### TASK MATERIAL
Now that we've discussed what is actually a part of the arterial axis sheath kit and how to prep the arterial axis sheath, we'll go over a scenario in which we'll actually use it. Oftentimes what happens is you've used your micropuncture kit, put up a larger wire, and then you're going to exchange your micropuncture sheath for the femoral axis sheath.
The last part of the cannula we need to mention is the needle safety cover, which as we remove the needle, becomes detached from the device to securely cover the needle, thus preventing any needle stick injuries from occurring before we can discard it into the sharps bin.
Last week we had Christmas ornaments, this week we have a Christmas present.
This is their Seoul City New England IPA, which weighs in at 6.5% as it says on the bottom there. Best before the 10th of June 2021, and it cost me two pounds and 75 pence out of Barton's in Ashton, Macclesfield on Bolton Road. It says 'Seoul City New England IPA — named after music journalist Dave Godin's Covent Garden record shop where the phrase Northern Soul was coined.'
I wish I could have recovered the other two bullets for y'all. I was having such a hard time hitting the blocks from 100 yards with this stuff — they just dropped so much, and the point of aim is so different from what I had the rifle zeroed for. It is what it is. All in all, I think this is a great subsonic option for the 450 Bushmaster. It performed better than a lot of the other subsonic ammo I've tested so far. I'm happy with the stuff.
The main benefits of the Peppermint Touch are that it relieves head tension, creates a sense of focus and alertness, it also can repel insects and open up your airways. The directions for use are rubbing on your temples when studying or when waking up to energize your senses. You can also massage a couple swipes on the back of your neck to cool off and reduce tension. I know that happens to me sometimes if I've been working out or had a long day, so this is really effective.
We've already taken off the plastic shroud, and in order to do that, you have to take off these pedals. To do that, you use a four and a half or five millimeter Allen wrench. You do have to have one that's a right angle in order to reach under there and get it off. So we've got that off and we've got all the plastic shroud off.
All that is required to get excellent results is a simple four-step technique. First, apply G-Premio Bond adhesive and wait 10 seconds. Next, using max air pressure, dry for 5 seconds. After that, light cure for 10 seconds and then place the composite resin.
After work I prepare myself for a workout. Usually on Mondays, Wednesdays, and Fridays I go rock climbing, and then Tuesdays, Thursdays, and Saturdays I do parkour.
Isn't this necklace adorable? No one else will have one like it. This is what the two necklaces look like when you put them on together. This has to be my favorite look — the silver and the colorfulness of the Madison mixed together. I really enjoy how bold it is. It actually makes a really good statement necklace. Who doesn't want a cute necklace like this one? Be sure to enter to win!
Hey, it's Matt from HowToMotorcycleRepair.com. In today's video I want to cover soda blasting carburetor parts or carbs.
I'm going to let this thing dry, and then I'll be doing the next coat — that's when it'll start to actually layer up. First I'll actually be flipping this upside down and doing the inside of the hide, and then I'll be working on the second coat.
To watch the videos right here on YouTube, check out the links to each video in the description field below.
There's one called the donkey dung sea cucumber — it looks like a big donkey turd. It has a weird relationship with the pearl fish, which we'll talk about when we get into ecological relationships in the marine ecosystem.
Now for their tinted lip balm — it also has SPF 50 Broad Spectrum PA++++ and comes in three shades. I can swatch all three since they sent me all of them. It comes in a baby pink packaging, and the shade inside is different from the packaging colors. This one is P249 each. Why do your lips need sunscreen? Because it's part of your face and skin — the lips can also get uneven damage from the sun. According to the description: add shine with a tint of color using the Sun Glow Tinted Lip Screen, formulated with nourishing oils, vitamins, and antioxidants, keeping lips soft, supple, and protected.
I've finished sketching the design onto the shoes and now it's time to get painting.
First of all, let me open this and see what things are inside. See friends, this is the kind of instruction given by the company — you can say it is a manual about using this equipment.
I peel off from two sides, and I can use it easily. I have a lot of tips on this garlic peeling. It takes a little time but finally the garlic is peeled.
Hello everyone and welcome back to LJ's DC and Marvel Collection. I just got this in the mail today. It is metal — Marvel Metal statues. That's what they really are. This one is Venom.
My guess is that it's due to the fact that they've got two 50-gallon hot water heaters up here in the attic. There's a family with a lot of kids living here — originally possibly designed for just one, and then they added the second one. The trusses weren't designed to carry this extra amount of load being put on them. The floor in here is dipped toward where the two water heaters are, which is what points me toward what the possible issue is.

### THE TASK
Each entry must be reproduced verbatim.

### YOUR RESPONSE
Now that we've discussed what is actually a part of the arterial axis sheath kit and how to prep the arterial axis sheath, we'll go over a scenario in which we'll actually use it. Oftentimes what happens is you've used your micropuncture kit, put up a larger wire, and then you're going to exchange your micropuncture sheath for the femoral axis sheath.
The last part of the cannula we need to mention is the needle safety cover, which as we remove the needle, becomes detached from the device to securely cover the needle, thus preventing any needle stick injuries from occurring before we can discard it into the sharps bin.
Last week we had Christmas ornaments, this week we have a Christmas present.
This is their Seoul City New England IPA, which weighs in at 6.5% as it says on the bottom there. Best before the 10th of June 2021, and it cost me two pounds and 75 pence out of Barton's in Ashton, Macclesfield on Bolton Road. It says 'Seoul City New England IPA — named after music journalist Dave Godin's Covent Garden record shop where the phrase Northern Soul was coined.'
I wish I could have recovered the other two bullets for y'all. I was having such a hard time hitting the blocks from 100 yards with this stuff — they just dropped so much, and the point of aim is so different from what I had the rifle zeroed for. It is what it is. All in all, I think this is a great subsonic option for the 450 Bushmaster. It performed better than a lot of the other subsonic ammo I've tested so far. I'm happy with the stuff.
The main benefits of the Peppermint Touch are that it relieves head tension, creates a sense of focus and alertness, it also can repel insects and open up your airways. The directions for use are rubbing on your temples when studying or when waking up to energize your senses. You can also massage a couple swipes on the back of your neck to cool off and reduce tension. I know that happens to me sometimes if I've been working out or had a long day, so this is really effective.
We've already taken off the plastic shroud, and in order to do that, you have to take off these pedals. To do that, you use a four and a half or five millimeter Allen wrench. You do have to have one that's a right angle in order to reach under there and get it off. So we've got that off and we've got all the plastic shroud off.
All that is required to get excellent results is a simple four-step technique. First, apply G-Premio Bond adhesive and wait 10 seconds. Next, using max air pressure, dry for 5 seconds. After that, light cure for 10 seconds and then place the composite resin.
After work I prepare myself for a workout. Usually on Mondays, Wednesdays, and Fridays I go rock climbing, and then Tuesdays, Thursdays, and Saturdays I do parkour.
Isn't this necklace adorable? No one else will have one like it. This is what the two necklaces look like when you put them on together. This has to be my favorite look — the silver and the colorfulness of the Madison mixed together. I really enjoy how bold it is. It actually makes a really good statement necklace. Who doesn't want a cute necklace like this one? Be sure to enter to win!
Hey, it's Matt from HowToMotorcycleRepair.com. In today's video I want to cover soda blasting carburetor parts or carbs.
I'm going to let this thing dry, and then I'll be doing the next coat — that's when it'll start to actually layer up. First I'll actually be flipping this upside down and doing the inside of the hide, and then I'll be working on the second coat.
To watch the videos right here on YouTube, check out the links to each video in the description field below.
There's one called the donkey dung sea cucumber — it looks like a big donkey turd. It has a weird relationship with the pearl fish, which we'll talk about when we get into ecological relationships in the marine ecosystem.
Now for their tinted lip balm — it also has SPF 50 Broad Spectrum PA++++ and comes in three shades. I can swatch all three since they sent me all of them. It comes in a baby pink packaging, and the shade inside is different from the packaging colors. This one is P249 each. Why do your lips need sunscreen? Because it's part of your face and skin — the lips can also get uneven damage from the sun. According to the description: add shine with a tint of color using the Sun Glow Tinted Lip Screen, formulated with nourishing oils, vitamins, and antioxidants, keeping lips soft, supple, and protected.
I've finished sketching the design onto the shoes and now it's time to get painting.
First of all, let me open this and see what things are inside. See friends, this is the kind of instruction given by the company — you can say it is a manual about using this equipment.
I peel off from two sides, and I can use it easily. I have a lot of tips on this garlic peeling. It takes a little time but finally the garlic is peeled.
Hello everyone and welcome back to LJ's DC and Marvel Collection. I just got this in the mail today. It is metal — Marvel Metal statues. That's what they really are. This one is Venom.
My guess is that it's due to the fact that they've got two 50-gallon hot water heaters up here in the attic. There's a family with a lot of kids living here — originally possibly designed for just one, and then they added the second one. The trusses weren't designed to carry this extra amount of load being put on them. The floor in here is dipped toward where the two water heaters are, which is what points me toward what the possible issue is.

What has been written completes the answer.